Mittwoch, 2. Januar 2008

Kinderseele – Hermann Hesse

Kinderseele ist eine kleine Erzählung, die 1918 entstanden ist und beschreibt zwei Tage im Leben eines elfjährigen Jungen. Wenngleich nie direkt erwähnt wir, dass es sich hierbei um Hesse selbst handelt, so sind die Parallelen zu seinem Leben frappant genug um anzunehmen, dass es die Erzählung autobiographischer Natur ist.

Erstaunlich finde ich die Präzision mit der Hesse die Gefühle des kleinen Jungen beschreibt. Als Hesse 1918 die Erzählung schrieb war er bereits 41 Jahre alt. Die Ereignisse lagen also bereits 30 Jahre zurück und dennoch schafft er es aus den Augen eines Kindes zu erzählen.

Zentrales Thema dieses Textes sind, wie so oft in Hesses Werken, die Gewissenskonflikte des diesmal 11-Jährigen Protagonisten. Zwischen der guten und christlichen Welt in welcher er aufwächst und seinen frevelnden Gedanken fühlt er sich zerrissen und nicht im Stande seinen Platz in der Welt zu finden.

"Gab es das in Gottes Welt, daß ein Mensch, ein Knabe, gleichzeitig alle hohen und alle bösen Triebe in sich hatte und Leiden und verzweifeln mußte, nur so als eine unglückliche und komische Figur, zum Vergnügen des zuschauenden Gottes?"

Zwar liegt diese Kindheit für den heutigen Leser sehr weit zurück, so dass viele Dinge, die damals als rebellisch und gotteslästernd angesehen wurden heute Gang und Gebe sind und somit diese Gefühle der Zerrissenheit nicht mehr erklären mögen.

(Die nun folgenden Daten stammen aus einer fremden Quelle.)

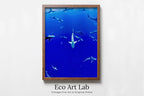 Framed view of Sharks in Deep Blue Water Instant Download Shark Wall Art Poster. Printable Wall Art Shark Decor. Nature Wall Art Nautical Home Decor – printable wall art digital download.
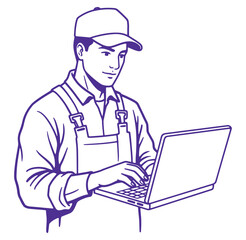 Technician in overalls working on a laptop computer with clean outlined illustration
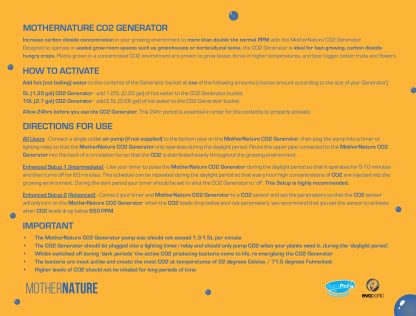 Mother Nature CO2 Generator Instructions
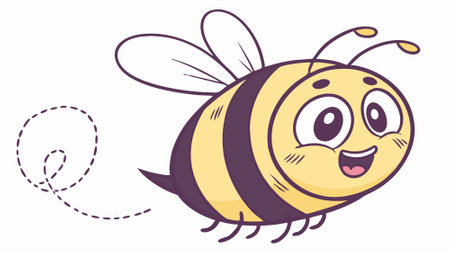 Furrow Bee despicable walks lake vector. AI generated. Vector iconのイラスト素材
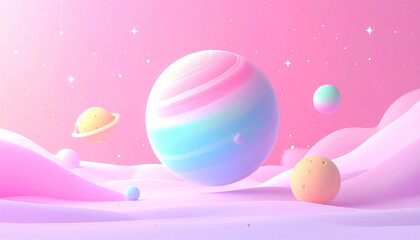 D pastel universe with planets and shooting stars ai generated illustration
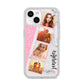 Personalised Pink Marble Photo Strip iPhone 14 Clear Tough Case Starlight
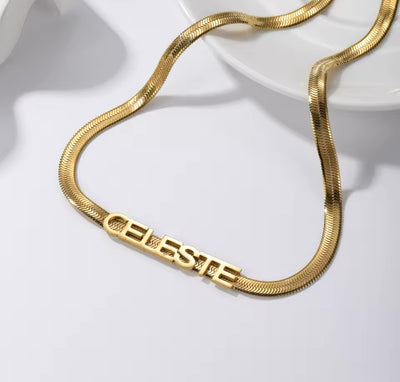 Celeste Herringbone name necklace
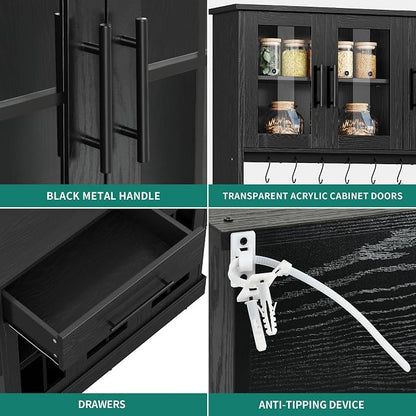 YITAHOME 71'' Kitchen Pantry Storage Cabinet with Microwave Stand, Tall Freestanding Hutch Cabinet with Power Outlet, Pantry Cabinets with Buffet Cupboard, Drawers and Acrylic Doors for Home, Black | Tall Freestanding Hutch Cabinet with Power Outlet, P...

Doch der Wandel der Zeit mag die damaligen Ursachen beseitigt haben, die eigentliche Zerrissenheit findet man heute jedoch genau so wie vor hundert Jahren und jeder Leser wird sich wohl an andere Gründe aus seiner Kindheit erinnern. Doch vermutlich wird sich jeder ebenfalls an dieses Gefühl erinnern, welches Hesse in Kinderseele beschreibt.

Ich würde Kinderseele nicht unbedingt als Einstieg in Hesses Werke empfehlen, denn schon alleine aufgrund des geringen Umfangs (80 Seiten) sind viele der Charaktere und Begebenheiten nur skizziert und verlieren dadurch auch etwas an Kraft. Doch wenn man Klein und Wagner, Demian und den Steppenwolf gelesen hat, so erkennt man recht deutlich die Parallelen und gewinnt durch diese Erzählung etwas mehr Einblick in das Entstehen des grundlegenden Konfliktes, den Hesse wohl sein ganzes Leben mit sich selbst austrug.